Reconnue comme prioritaire par l’administration pénitentiaire, la reprise des parloirs, lundi 11 mai, a toutefois été chaotique. Informations lacunaires, réservations compliquées, mesures barrières lourdes et dans certains cas, amende pour avoir dépassé la limite des 100km : une accumulation qui a conduit certaines familles à renoncer aux visites.

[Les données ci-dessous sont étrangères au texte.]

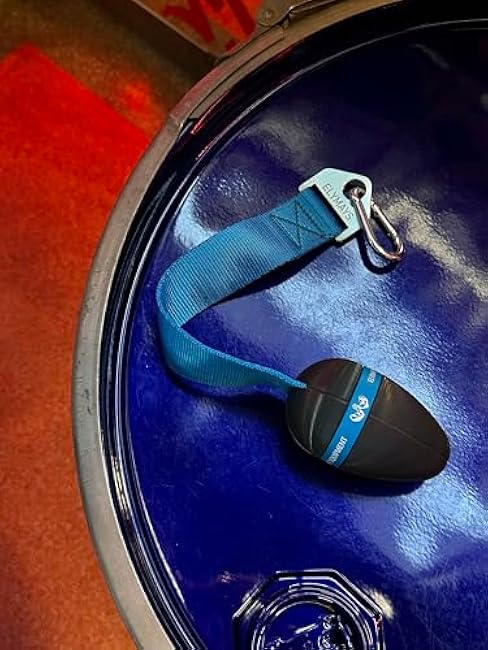 Arm Wrestling Training Equipment - ELLIPTIC WRIST BALL for HOOK and TOPROLL, Exercise Handle Forearm for Cable Machine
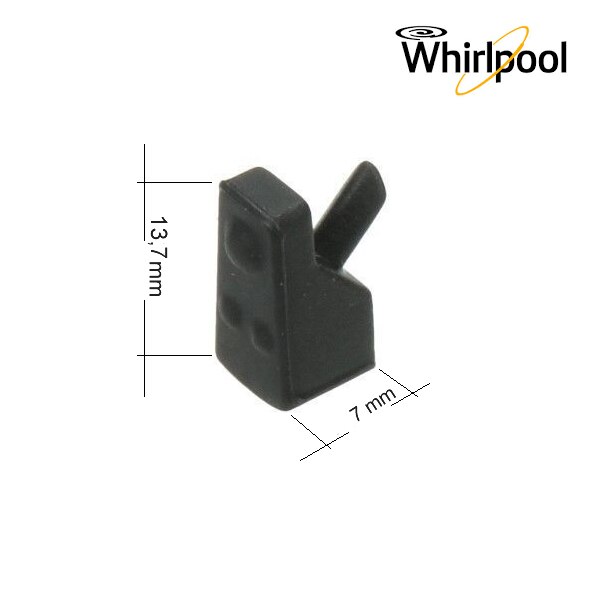 Grille De Brûleur Whirlpool 480121104242 | Ultra Rapide, Gauche, Compatible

Après huit semaines sans se voir – et dans certains cas, sans aucun contact (lire page 42), les personnes détenues et leurs proches ont accueilli avec soulagement l’annonce de la reprise progressive des visites. Mais – première déconvenue –, tous n’ont pas été autorisés à reprendre le chemin des parloirs. La note produite par la direction de l’administration pénitentiaire (DAP) le 6 mai précisait en effet que leur accès était réservé aux personnes âgées de 16 ans et plus. Et privait donc des milliers de parents incarcérés de retrouver un lien mis à mal par deux mois de confinement. « Mon fils n’a pas vu sa fille d’un an et demi depuis trois mois. À cet âge, un enfant a besoin de voir ses parents – et eux de les voir grandir, de leur parler », explique la mère d’un détenu. Un coup difficile à encaisser pour de nombreuses familles : « Nos enfants pleuraient à la maison de ne pas pouvoir retourner voir leur père », raconte ainsi Sophie. Les plus jeunes ne sont d’ailleurs pas les seuls à avoir été privés de parloirs. Bien que cela ne soit pas prévu dans la note de la DAP, certaines prisons ont en effet interdit l’accès des parloirs aux personnes de plus de 65 ans – comme par exemple à Lille-Annoeullin ou à Tarascon. « C’est honteux que des parents se voient refuser de rendre visite à leur enfant incarcéré ! », s’exclame une proche. Dans d’autres établissements, ce seuil a été élevé à 70 ans – des inégalités révélatrices du flou et du manque d’information qui ont accompagné la reprise des parloirs.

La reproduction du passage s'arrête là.